For the Love of the Game

Doing Sports the Craig Way
Photo By Todd V. Wolfson

Craig Way is out of his sports-crazed mind. It's a Thanksgiving night, and he's foregoing the traditional after-meal living-room couch flop to broadcast a high school football game. From the roof of a pressbox. Without getting paid. Want more proof that Way is nuts? Okay: This game isn't some mammoth clash between two storied prep powerhouses on a 50,000-watt radio broadcast. It's a tiny station's coverage of a playoff game between a couple of schools in the state's lowest classification, 1A. It's Detroit vs. Italy in Royse City, whoever they are and wherever that is.

But for Way it all makes perfect sense. An acquaintance called him the day before, desperate to replace his play-by-play man. Way agreed to help, eschewing compensation, and when he got to the game, the only broadcast booth in the pressbox had been taken. So on to the roof in the out-of-the-way North Texas burg it was.

But on Thanksgiving night?

"I was trying to do the guy a favor," Way explains. "And, yes, I thought it'd be fun to see that game."

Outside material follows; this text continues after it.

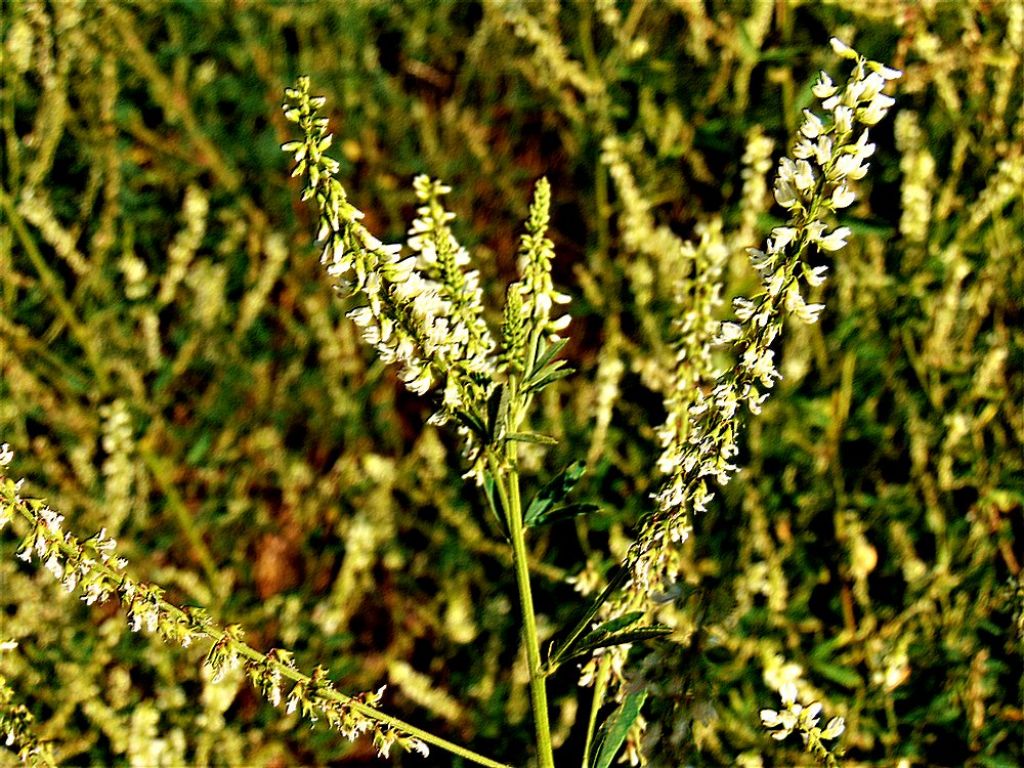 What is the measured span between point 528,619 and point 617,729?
0.62 feet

For Craig Way it's fun to see just about every game. The problem for the No. 2 voice of the Texas Longhorns and KVET radio talk show co-host is this: Sport is long and life is short. And there just isn't enough time to broadcast every contest. If there were, Way would be here, there, and anywhere with headset affixed.

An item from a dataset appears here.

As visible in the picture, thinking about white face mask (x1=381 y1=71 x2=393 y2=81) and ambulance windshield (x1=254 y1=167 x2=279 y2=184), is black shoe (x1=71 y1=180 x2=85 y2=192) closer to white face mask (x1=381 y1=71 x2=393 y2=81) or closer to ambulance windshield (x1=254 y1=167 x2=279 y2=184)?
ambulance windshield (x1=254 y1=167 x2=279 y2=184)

The Thanksgiving craziness happened in 1990, well after Way had established himself with years of college sports broadcasting and only two seasons before he would become the color analysis for UT, one of the most prominent football programs in the country.

Even with those credentials, Way has maintained an enthusiasm for high school football in Texas that is unsurpassed. He's covered the game for almost 20 years. And since getting KRLD in Dallas to expand their 10-minute Friday night high school scoreboard show to a full hour in the mid-Eighties, he has done more to promote high school football, and other high school sports, than perhaps any single person in the state's history.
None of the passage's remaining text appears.